The fourth season of Arrested Development got on Netflix today and it is amazing. Watching it is like a being at your college reunion at a dicey dive bar, but all your favorite old friends came, and you’re drinking Sangrias as they fill you in on their lives, your drink seems to get stronger as their stories get more detailed. It’s exhausting and intoxicating, and you’re glad you actually came to this thing, and that they came to this thing, and you caught up.
Most of the original cast returns, and the season is peppered with both popular (I don’t want to give anything away, but a certain former SNL cast member plays a younger version of a Bluth) and vaguely familiar faces from comedy (like that guy who played ‘Justin’ in the episode of The Office where they go to Pam’s high school to get interns: “This just in… Justin!”). If you are not happy with just these faces to hang out with on your 8.5 hour marathon, don’t fret, there is more to love.
It’s a whole new set of self referential jokes. A whole new set of freeze frame hilarity. And just like every amazing reunion, by the time you’ve expanded yourself to absorb all this new information and feel these rekindled emotions, it’s over. And yes, it is distracted at first. Most reunions are. It’s almost boring how distracted it is, so prepare to stick through it. Prepare to wish another friend would walk over to you while this old friend bores you with what they have been up to.

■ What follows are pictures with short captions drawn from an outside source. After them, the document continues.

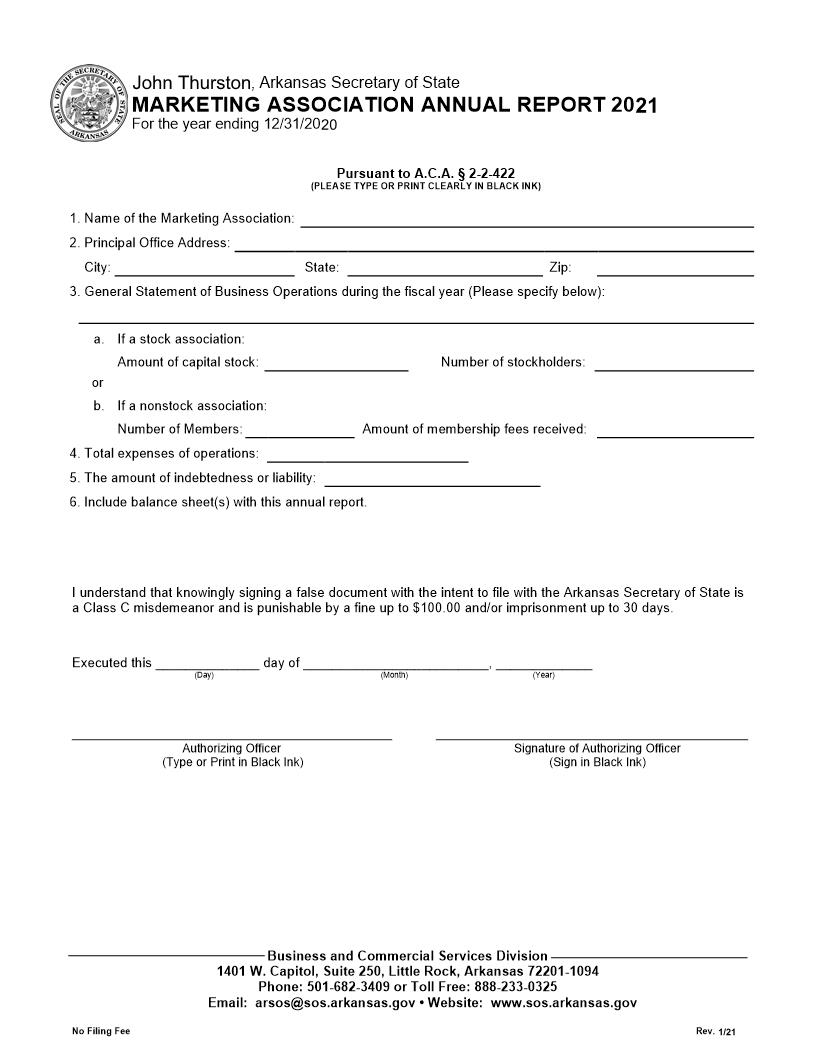 Cooperative Marketing Association Annual Report 2021 | Pdf Fpdf Docx | Arkansas
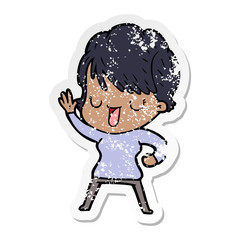 distressed sticker of a cartoon woman talking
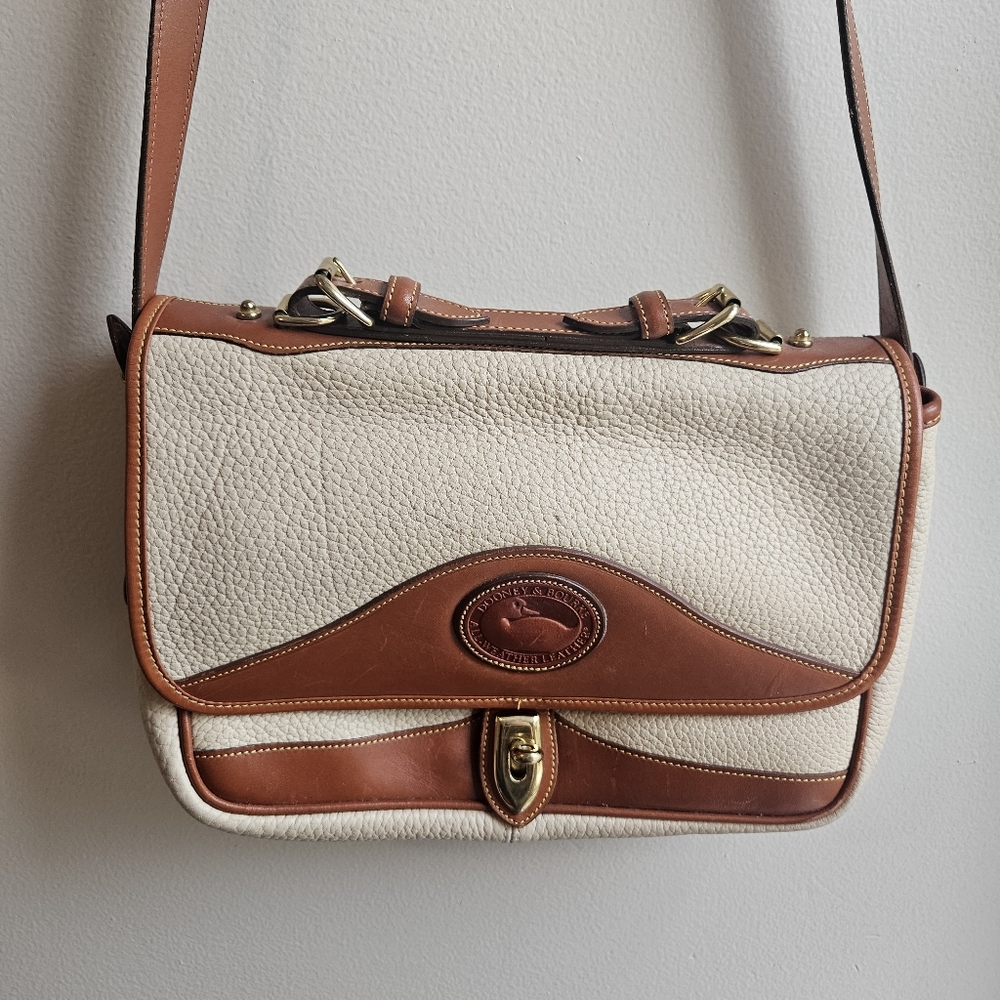 Dooney & Bourke Ivory Leather Turnlock Flap Crossbody Bag – Made in USA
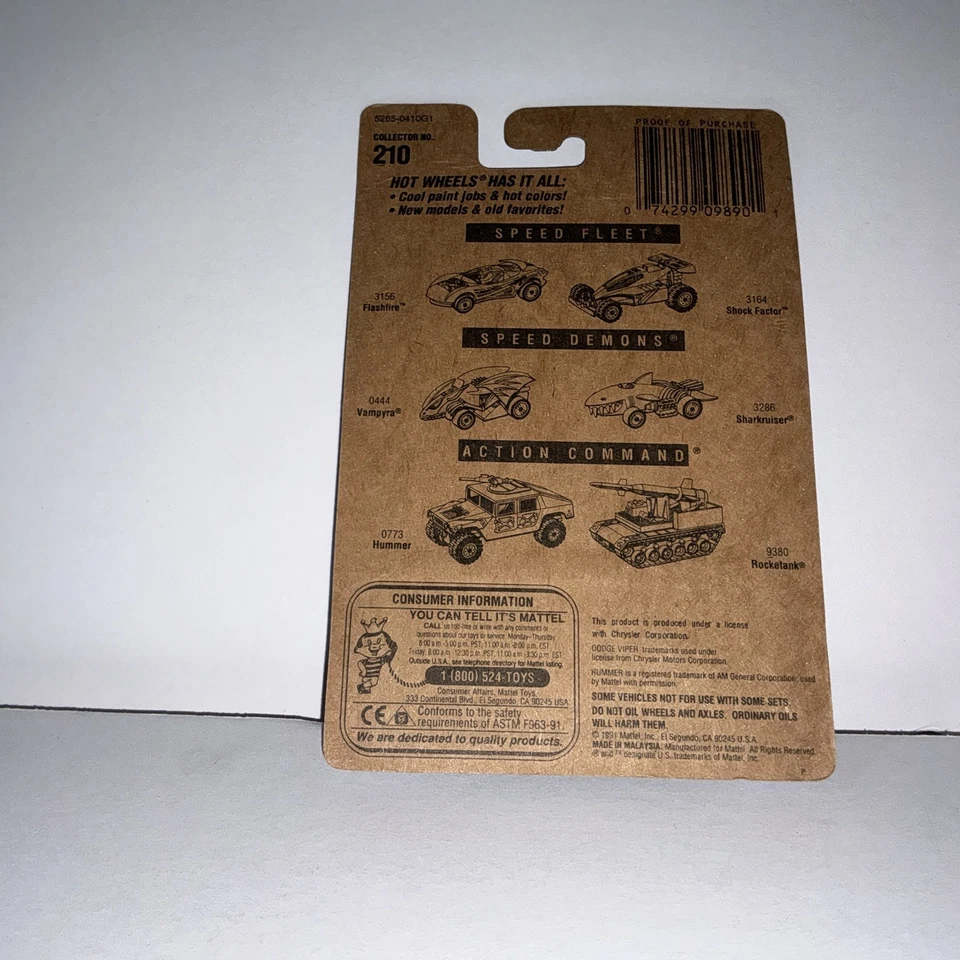 Dodge Viper RT/10 #210 1991 Hot Wheels rojo medalla de oro velocidad - diecast sin usar, en caja Foto 2 de 4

Arrested Development takes advantage of being able to mass produce episodes that people can watch at a stretch. It’s like making a terribly long and complicated movie. A terribly long and complicated and amazing movie. They take advantage of the audience wanting to run through it and return to the re-runs for hours of discovering hidden jokes.
So now the story of a family that you thought needed to give you closure after they abandoned you and the one audience who had no choice but to get hooked (they’re a Monster!) right back in.